Jasbhir Jas at the Local Government Association agreed that it was a useful report, and the LGA invested in a deeper piece of work by Shared Intelligence about skills needs in the sector, using the CEDOS report as its starting point. That development proved that our report was valuable and that the insight from our very experienced members could shape things for the future. 

However, I was equally delighted when Centre for Cities got in touch to tell us that the CEDOS report is part of the background information for the report on using evidence. The relationship between evidence and economic development is a complicated one – just think about the difference between the production of detailed European funding operational programmes and the more recent allocation of Future High Street Fund monies. Pages and pages of data on the one hand, rapid decisions and the delegation of funding on the other. As economic development professionals we have to be able to work in both environments.
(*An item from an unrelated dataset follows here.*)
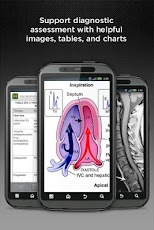 Harrison's Manual of Medicine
Anyway, that is enough about my delight.  Let me explain about why I’m fascinated with the new report. 

Firstly, LA Evidential talks about incentives, and particularly the incentives that come from central government. I agree that these are an important pillar of economic development. But our work at CEDOS also explored the role of entrepreneurship – how do we help those business leaders who will invest in an area to do so as effectively as possible? How do we achieve greatest economic benefit to an area whilst recognising that the investor has their own motivation and bottom line requirements? I can see the need for evidence which is new, takes a different perspective, and has a deep understanding of the challenges of a shifting economy. If we can build that evidence, which inevitably will be at a very local level, then we can use the evidence to help to achieve significant benefit from investment. A while ago we debated inward investment at CEDOS, and particularly that most areas claim to have the same attractive strengths to investors… what sets any investment proposition apart is the quality of the people who work with the investor and the decisions that they can support/take. This new report has made me think carefully about the type of evidence that we need to use to support those investors.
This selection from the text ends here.